Что же касается Отечественной войны 1812 года, то с французами бились украинские казачьи и гусарские полки. Одним из организаторов казачьих сил в Полтавской губернии был знаменитый писатель Иван Котляревский, автор «Энеиды». Общая численность всех формирований на территории Украины достигала 60 тысяч человек: в составе русской армии 1-й и 4-й Украинские казачьи полки участвовали в «битве народов» под Лейпцигом, а 2-й и 3-й брали Париж.

«Вместе со всей Европой», объединившейся против узурпатора и оккупанта Наполеона.

«Англичанка гадит» сообща русским и украинцам, не выделяя их, уже 200 лет точно — в рамках своей Большой игры. И выделять украинцев начала только для того, чтобы заставить их вступить в войну против России, не считаясь ни с жертвами, ни с разрушениями. А Стармер изображает сострадание только на встречах с украинскими руководителями — у себя дома он недрогнувшей рукой ужесточил требования к мигрантам.

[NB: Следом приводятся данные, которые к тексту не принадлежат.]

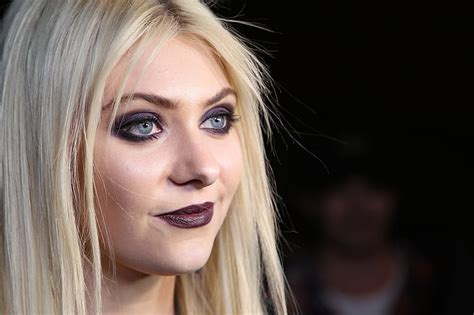 Hd Wallpaper Taylor Momsen Wallpaper Flare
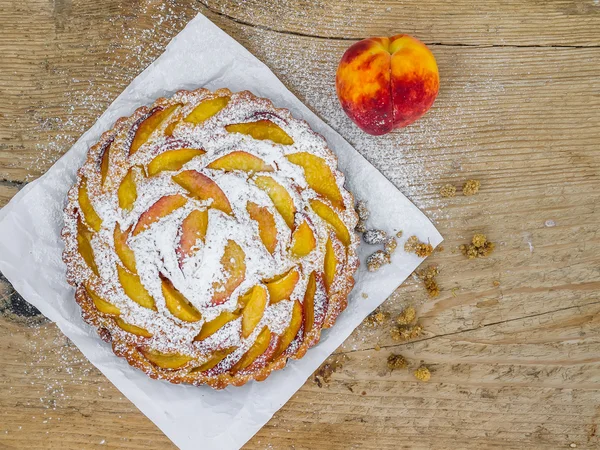 Pfirsichkuchen auf einem Holztisch — Stockfoto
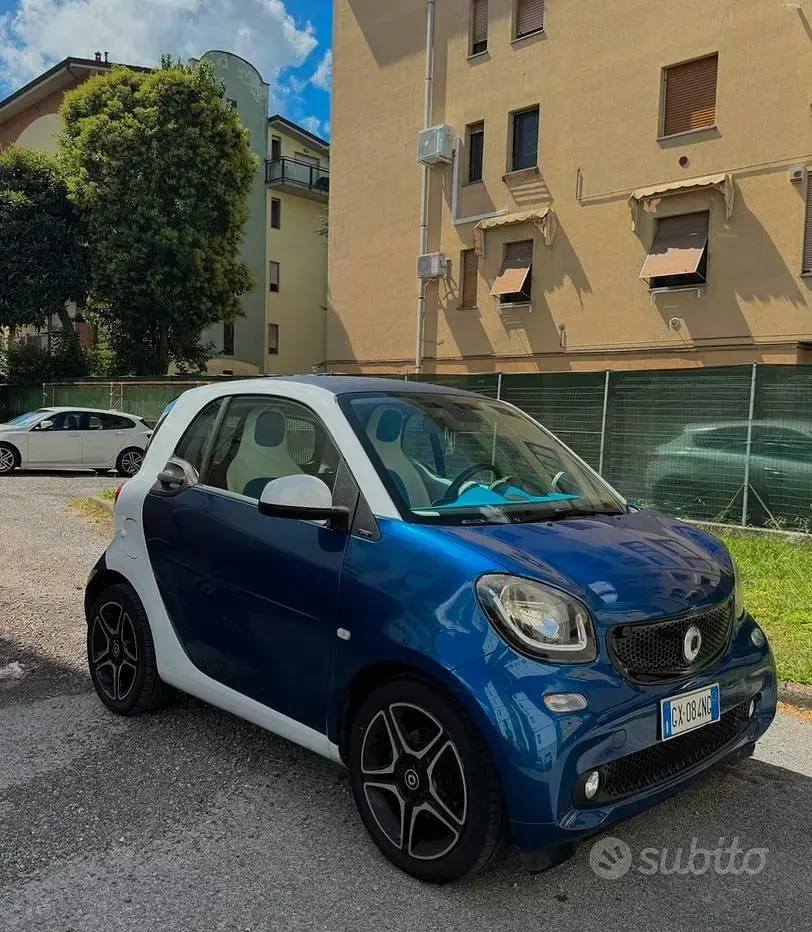 Usata Smart ForTwo Coupé Proxy 90 CV (66 kW) 2015 Bluazzurro Coupé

Так что украинцам, приехавшим пожить у «добрых друзей», станет сложнее подаваться на рабочие визы и устраиваться на работу, что сильно ударит по ним: они вряд ли смогут доказать, что без них на должностях низшего уровня работать некому.

Ну а про немцев что и говорить.

Народная память до сих пор хранит ряд паттернов, крепко вбитых в неё в ходе последней «евроинтеграции» в 40-х годах прошлого века, когда вагоны с украинскими рабами поехали в Рейх. Набор типичных фраз и слово «фашист» все мы знаем с детства.

Немецкий «дранг нах Остен» с двумя визитами в Киев, порабощение и истребление славян, превращение Украины в житницу «Новой Германии» и сожженные вместе с людьми сёла навсегда останутся лучшим доказательством того, какие они друзья и союзники. От этой дружбы отбивались 7 миллионов украинцев в Красной армии и 220 тысяч украинских советских партизан.

Союзниками для Германии были только привычные и понятные жители Галичины, австрийской провинции, которых они отделяли от прочих и брали на роль надсмотрщиков и палачей. В принципе, то же самое происходит и теперь, когда коллективная Галичина встала над многомиллионным народом и навязывает ему своё видение мира, в котором немцы — братья, а русские — враги.

Просто во всей долгой и сложной истории она решила всегда выбирать сторону реальных врагов Руси, которая для украинцев и русских — общая. Так что когда принявший эти идеи как свои еврейский мальчик из Кривого Рога рассказывает про тесное взаимодействие с «европейской семьей», в его голосе эхом отзывается Акт восстановления украинской державы 1941 года. Там были точно такие же слова про «Национал-Социалистическую Велико-Германию», «которая под руководством Адольфа Гитлера создает новый строй в Европе и мире и помогает украинскому народу освободиться от московской оккупации».

А мнение украинского народа по данному поводу никого не интересовало ни тогда, ни сейчас.